- _TASK INSTRUCTIONS_:
The required answer is the data below, restated word for word with images omitted.

- _RECORDED DATA_:
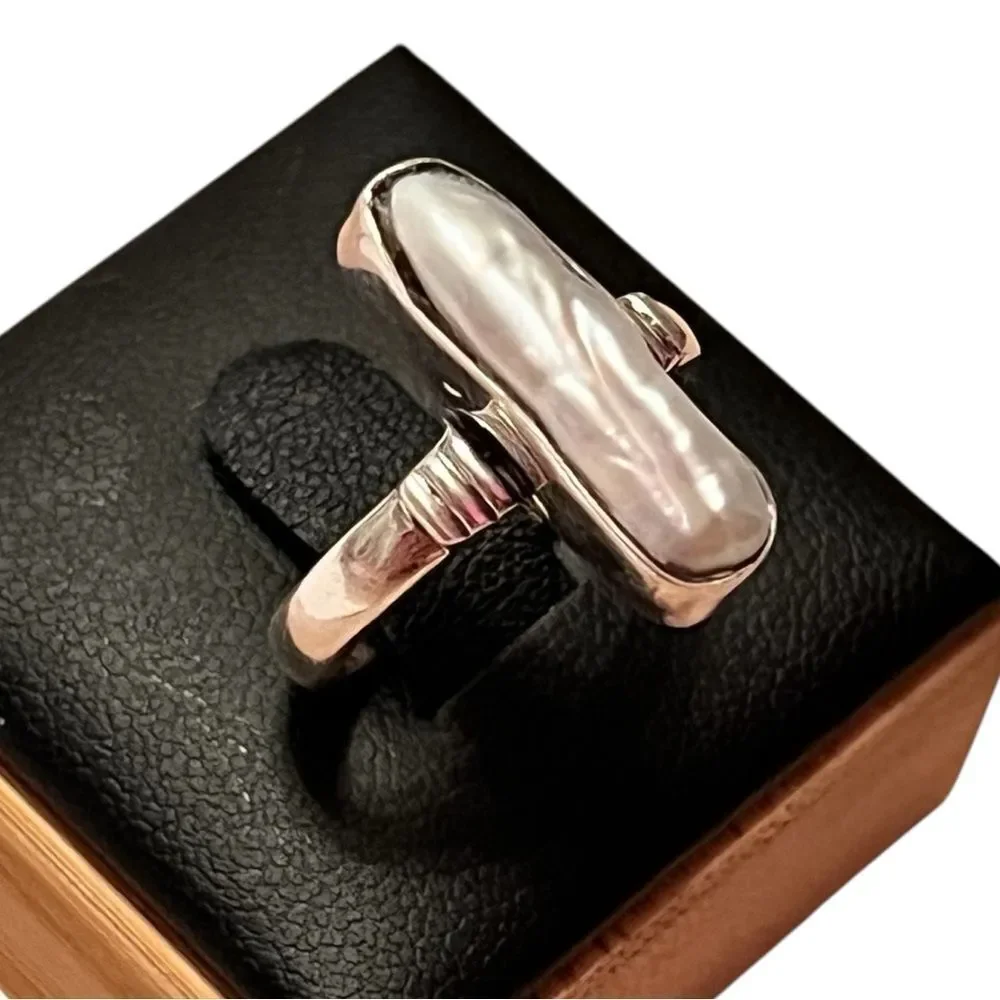 Sterling Silver Oval Shaped Genuine Freshwater Pearl Ring Size 7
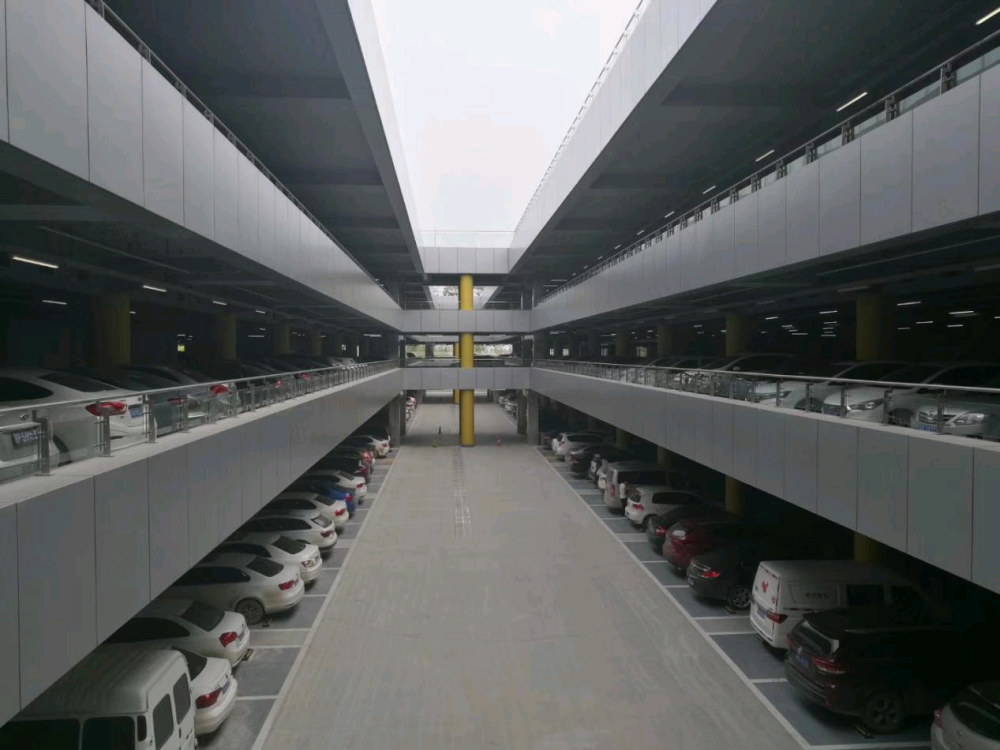 旅客在大兴机场停车楼享"首次误停"优免措施_腾讯新闻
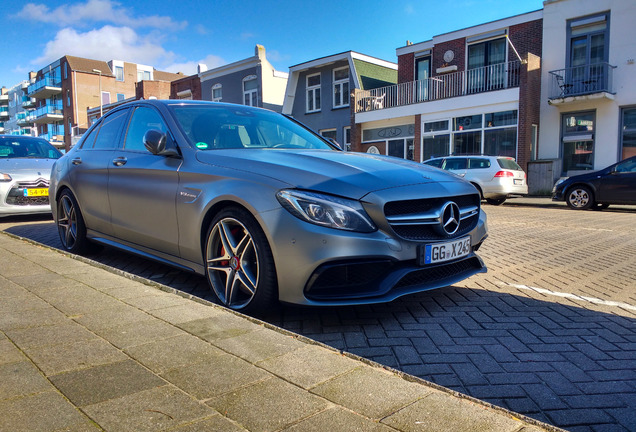 Mercedes-AMG C 63 S W205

- _OUTPUT BELOW_:
 Sterling Silver Oval Shaped Genuine Freshwater Pearl Ring Size 7
 旅客在大兴机场停车楼享"首次误停"优免措施_腾讯新闻
 Mercedes-AMG C 63 S W205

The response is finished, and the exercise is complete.